## [Work required]
Set the data down again, exactly as it reads, but without the pictures.

## [Supplied data]

────────────────

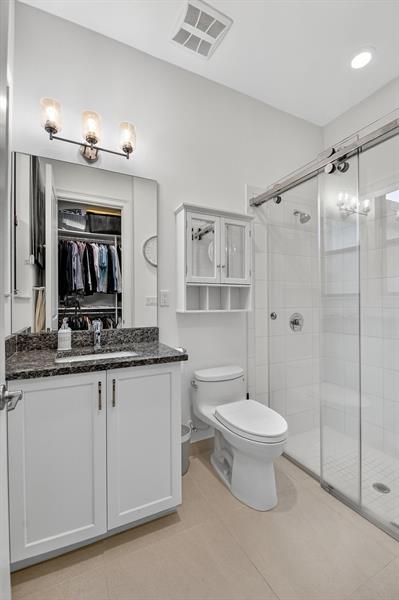 Image 44 of 91 For 11110 Glen Orchard Ln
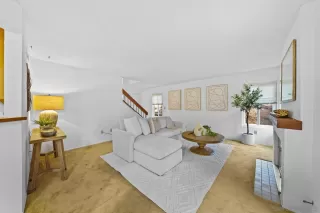 Photo #5: 240028543 Listing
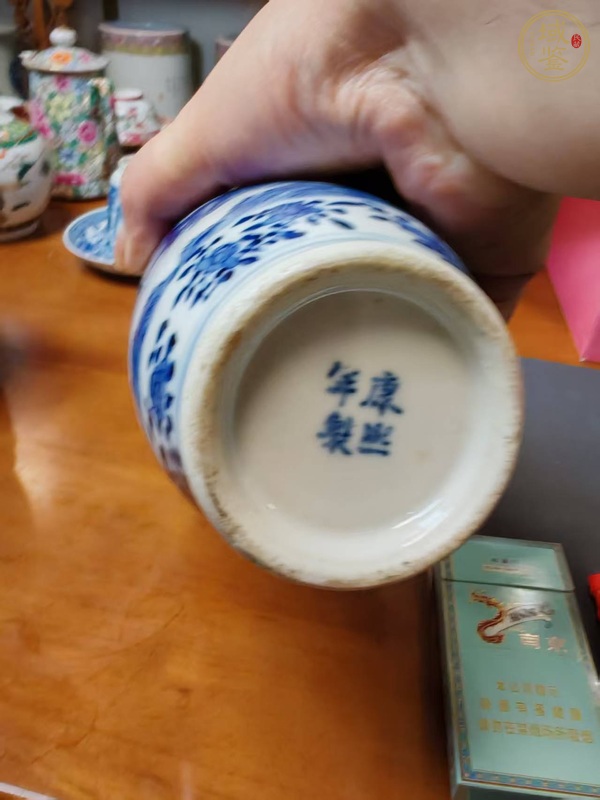 古玩陶瓷青花瓶真品鑒賞圖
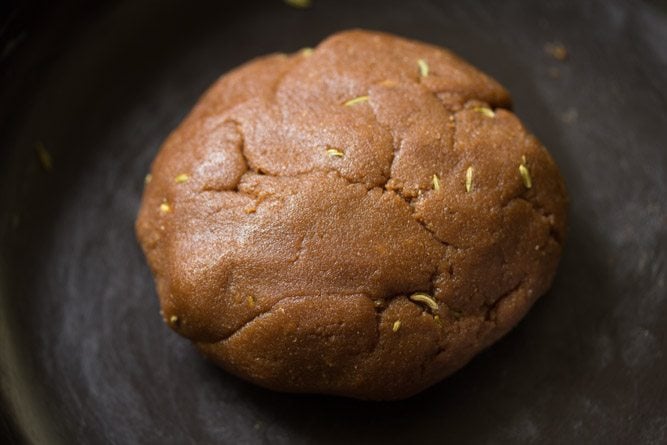 kneaded gud ki roti dough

────────────────

## [Task output]
 Image 44 of 91 For 11110 Glen Orchard Ln
 Photo #5: 240028543 Listing
 古玩陶瓷青花瓶真品鑒賞圖
 kneaded gud ki roti dough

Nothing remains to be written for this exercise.